If, \[ Pr(U) = f(\Theta)\prod_{i=1}^{n}g(\Phi_i) = \prod_{j=1}^{m}h(\Psi_j) \] for functions \(f\), \(g_i\) and \(h_j\), then there exist functions \(g_i'\) and \(h_j'\) such that: \[ Pr(U) = \prod_{j=1}^{m}h'(\theta \cap \Psi_j)\prod_{i=1}^{n}g'(\Phi_i) \]

In other words, \(h_j\) gives a template for further factoring \(f\).

Now, with lemma 1, we can finish the proof. The local Markov property tells us that for any variable \(x\), we can write:

\begin{equation} Pr(U) = f_{x}(x,\delta x)f_{-x}(x,U\setminus\{x\}) \label{factor} \end{equation}

where \(\delta x\) are the neighors of \(x\). Namely: \[ Pr(U) = \underbrace{P(\delta x)P(x \mid \delta x)}_{f_{x}} \underbrace{P(U\setminus(\{x\} \cup \delta x) \mid \delta x)}_{f_{-x}} \]

Then, let's repeatedly apply lemma 1 to Equation \ref{factor}. The goal is to end up with an expression that only contains functions over cliques. Let's take a look at what happens when our template is: \[ Pr(u) = f_{y}(y, \delta y) f_{-y}(y, U\setminus\{y\}) \] Then, by lemma 1, applying this template to \Equation \ref{factor} gets us: \[ f_{x,y}'(\{x,\delta x\} \cap \{y, \delta y\})h'(\{x,\delta x\} \cap (U\setminus \{y\}))f_{-x}'(U\setminus \{x\}) \] Since we get to choose how to factor this function, let's assume that \(x\) and \(y\) belong to the same maximal clique

To take stock:

  • fx,y' is a function over things that are neighbors of \(x\) and \(y\)
  • h' is now a function over \((\{x,\delta x\} \setminus \{y\})\)
  • f-x is still a function over (U \setminux \{x\})
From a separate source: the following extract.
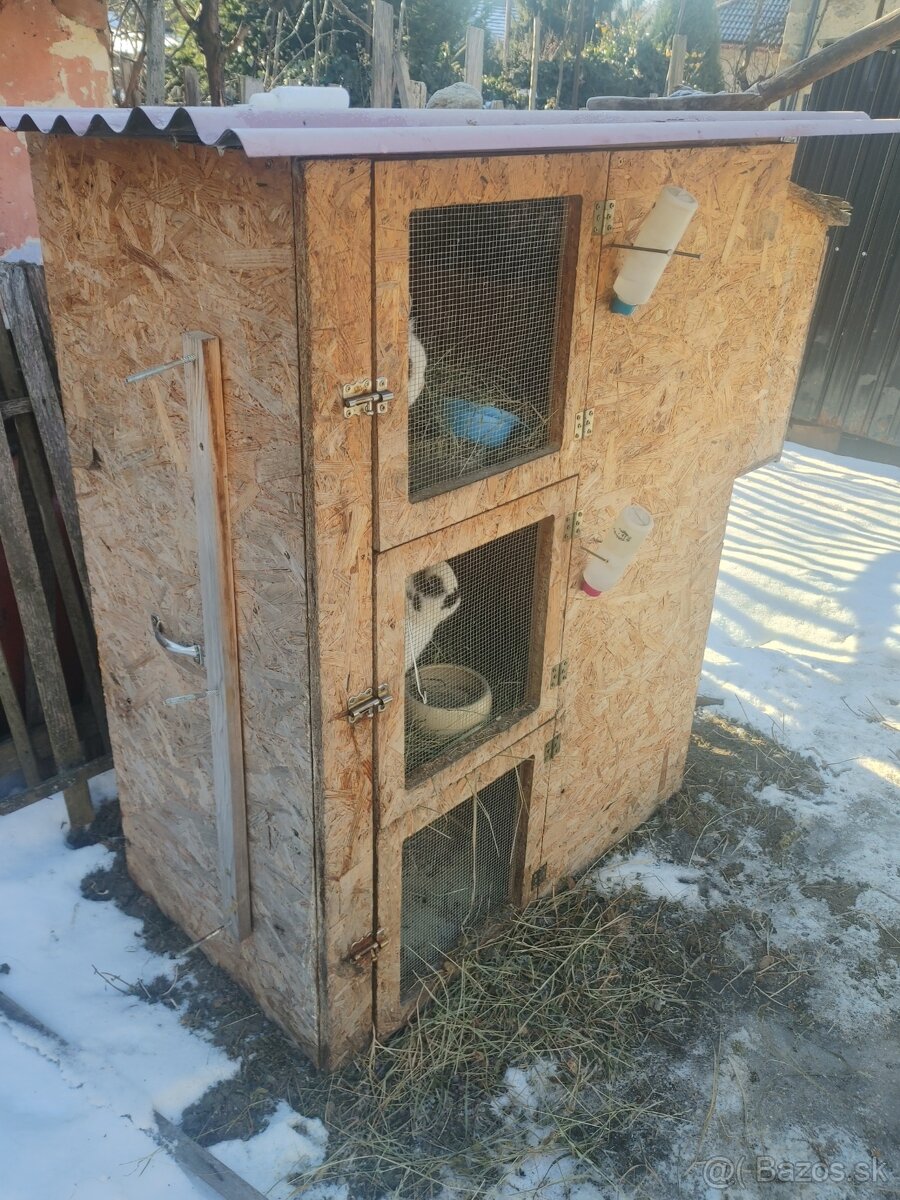 Zakrslé králiky. Chovný párik. - 4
Here is the key realization:

  • Let's recursively take templates and factor each one of the terms
  • so for \(f_{x,y}\) let's continue to factor it, i.e. by using the templates for \(z\), where \(z\) is some node in the same maximal clique as \(x\) and \(y\)
  • once that first term consists only of nodes in a maximal clique, we can move on to the next term and rinse and repeat
  • how do we know that this process will terminate? because the sets of variables involved will strictly decrease everytime we factor
1.1.1.1 proof of lemma 1

Let \(\bar\theta\) denote a particular assignment to the variables \(U\setminus \Theta\). For an arbitrary set of variables \(X\) let \(\bar\theta[X]\) be the variables in \(X\) where the assignments to the variables that fall outside \(\Theta\) are fixed by \(\theta\).
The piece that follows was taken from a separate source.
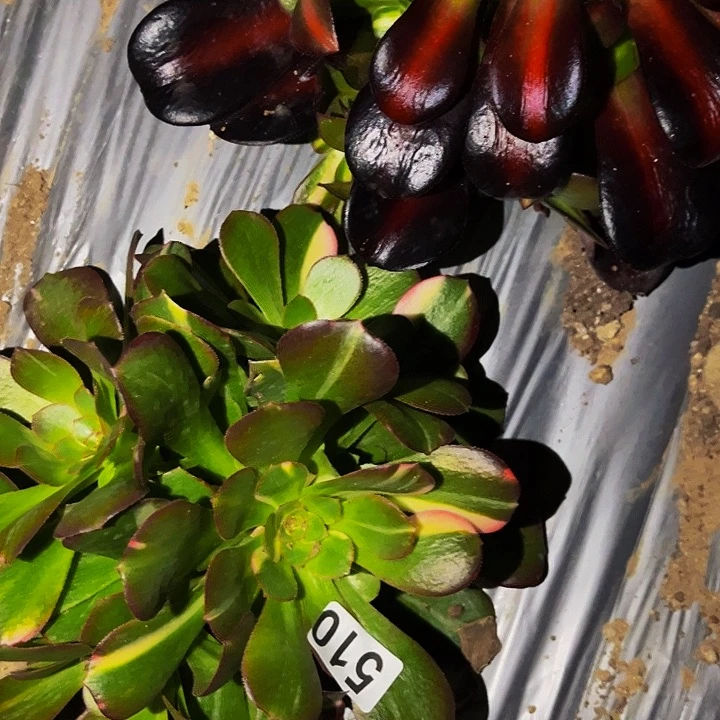 510七代邵修七彩多肉植物处理不售后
Then, we will write \[ Pr(U) = f(\Theta)\prod_{i=1}^{n}g_i(\Phi_i) \] as \[ Pr(U) = f(\Theta)\prod_{i=1}^{n}g_i(\Phi_i \cap \Theta, \bar\theta[\Phi_i])\prod_{i=1}^{n}\frac{g_i(\Phi_i)}{g_i(\Phi_i\cap\Theta, \bar\theta[\Phi_i])} \] where \(g_i(\Theta_i \cap \Theta, \bar\theta[\Phi_i])\) is the function where the variables in \(\Phi_i\) that lie outside \(\Theta\) are fixed. Then, let:

  • \(f'(\Theta) = f(\Theta)\prod_{i=1}^{n}g_i(\Theta\cap\Phi_i, \bar\theta[\Phi_i])\)
  • \(g_i'(\Phi_i) = \frac{g_i(\Theta_i)}{g_i(\Phi_i \cap \Theta, \bar\theta[\Phi_i])}\)

Then, \[ Pr(U) = f'(\Theta)\prod_{i=1}^{n} g'(\Phi_i) = \prod_{j=1}^{m}h_j(\Psi_j) \]

Now, note that \(g_i'(\Phi_i) = 1\) when the assignments to \(\Phi_i\) exactly match the assignments in \(\bar\theta\). So, let's see what happens when we fix the assignments outside \(\Theta\) to be exactly the assignments in \(\bar\theta\). Then, we have:

\[ Pr(\Theta, \bar\theta) = f'(\Theta)\prod_{i=1}^n 1 = \prod_{j=1}^{m} h_j(\Psi_j\cap \Theta, \bar\theta[\Psi_j]) \] So, \[ f'(\Theta) = \prod_{j=1}^{m} h_j(\Psi_j\cap \Theta, \bar\theta[\Psi_j]) \] Then, let's set \[ h'_j(\Psi_j \cap \Theta) = h_j(\Psi_j \cap \Theta, \bar\theta[\Psi_j]) \] So, now we can finally say: \[ Pr(U) =\left( \prod_{j=1}^{m}h_j'(\Psi_j \cap \Theta)\right) \left(\prod_{i=1}^{n} g_i'(\Phi_i) \right) \]

1.2 grf \(\Rightarrow\) mrf

Consider \(X\) and \(Y\) separated by a set of nodes. Once all the separating variables have been fixed, we see that the probability function breaks into two neat pieces: one piece whose terms only involve \(X\) and one piece that only involves \(Y\)

Created: 2021-09-14 Tue 21:44